While reading my notes of a course in local class field theory, I arrived to a remark where it is said that given a complete discrete valuation field $K$, its maximal unramified extension
$$K^{ur}= \bigcup_{F / K \: fin. unr.} F $$
may not be complete. I was going to ask for a concrete example (that is, a Cauchy sequence in $K^{ur}$ that doesn't converge), but after some research in google I found one as an exercise in Local Fields and Their Extensions, by Ivan B. Fesenko, S. V. Vostokov:
Let $\pi \in K$ be a prime element, and let $k^{sep}$ be of infinite degree over $k$ (as in $K = \Bbb Q_p$, $k = \Bbb F_p$). Let $K_i$ be finite unramified extension of $K$, with $K_i$ strictly contained in $K_j$ for $i < j$. (We can do this in the above example because we have a 1.1 correspondence between finite unramified extensions of $\Bbb Q_p$ and finite extensions of $\Bbb F_p$.) Define
$$ \alpha_n := \sum_{i=1}^n \theta_i \pi^i $$
where $ \theta_i \in \mathcal{O}_{K_{i+1}} \setminus \mathcal{O}_{K_i}$. Show that $(\alpha_i)$ is a Cauchy sequence and that $\lim_n \alpha_n$ is not in $K^{ur}$.

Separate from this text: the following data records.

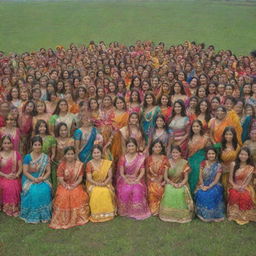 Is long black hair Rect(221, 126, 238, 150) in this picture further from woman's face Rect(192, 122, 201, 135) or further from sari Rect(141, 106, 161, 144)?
sari Rect(141, 106, 161, 144)

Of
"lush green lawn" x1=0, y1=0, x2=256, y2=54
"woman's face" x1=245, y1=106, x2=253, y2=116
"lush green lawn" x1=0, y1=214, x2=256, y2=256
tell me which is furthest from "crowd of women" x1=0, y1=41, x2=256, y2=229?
"lush green lawn" x1=0, y1=0, x2=256, y2=54

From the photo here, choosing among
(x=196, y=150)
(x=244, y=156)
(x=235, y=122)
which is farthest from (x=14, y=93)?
(x=244, y=156)

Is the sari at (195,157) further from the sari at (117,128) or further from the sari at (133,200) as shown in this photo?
the sari at (117,128)

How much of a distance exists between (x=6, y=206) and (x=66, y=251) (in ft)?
4.68

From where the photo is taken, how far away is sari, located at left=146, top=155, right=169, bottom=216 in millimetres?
5773

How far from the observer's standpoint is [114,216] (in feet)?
18.6

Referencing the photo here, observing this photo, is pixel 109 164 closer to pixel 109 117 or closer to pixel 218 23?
pixel 109 117

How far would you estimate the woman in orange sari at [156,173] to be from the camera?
5777 mm

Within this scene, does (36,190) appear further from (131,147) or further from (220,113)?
(220,113)

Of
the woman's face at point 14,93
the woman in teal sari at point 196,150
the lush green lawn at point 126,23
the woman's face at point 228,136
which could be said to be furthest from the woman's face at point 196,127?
the lush green lawn at point 126,23

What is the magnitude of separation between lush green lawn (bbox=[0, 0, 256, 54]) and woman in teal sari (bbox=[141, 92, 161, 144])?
1709 cm

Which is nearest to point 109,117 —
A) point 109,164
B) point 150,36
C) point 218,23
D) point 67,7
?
point 109,164

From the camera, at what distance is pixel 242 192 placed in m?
5.50

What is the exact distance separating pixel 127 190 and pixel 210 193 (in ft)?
4.00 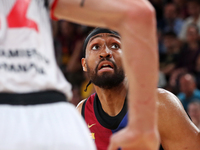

Well, to show that it is a Cauchy sequence is trivial, and to see that the limit is not in $K^{ur}$ we argue like this: if it is in the union, it belongs to one of the $K_i$'s, but this contradicts the fact that $\alpha_j \notin K_j$ for $j > i$. Edit: The contradiction only appears once we fix representatives of $\mathcal{O}_{\widehat{K^{ur}}}$, see the nice counterexample by Torsten Schoeneberg below for details.
So here my question comes: how does the closure of $K^{ur}$ look like? Here an answer is given for $K = \Bbb Q_p$, but they just mention what it is and an explanation of this or an answer to my more general question will be welcomed.
Thank you!
Best Answer
This is a natural question, because it’s really easy to get overwhelmed by the situation. In the case of the completion of the maximal unramified of a local field $k$, here’s the way that I look at things: you have the maximal unramified extension, which I’ll call $K$, an infinite algebraic extension gotten by adjoining the $(p^n-1)$-th roots of unity for all $n$. Let’s call $\mathcal O$ the integers of $K$.
Now for the completion, $\overline K$: you can think of the elements of the integers there as series $\sum_ia_i\pi^i$, where each $a_i$ is in $\mathcal O$ and where $\pi$ is a chosen prime element of $k$. This representation isn’t unique. If you want a unique representation, restrict the $a_i$ all to be roots of unity of the type I mentioned above, or zero (these are the “Teichmüller representatives”).
If you start thinking about the completion of the algebraic closure of $k$, things get really confusing, partly because there’s no unique representation of an element there. But the first description in the paragraph above works in that case just as well.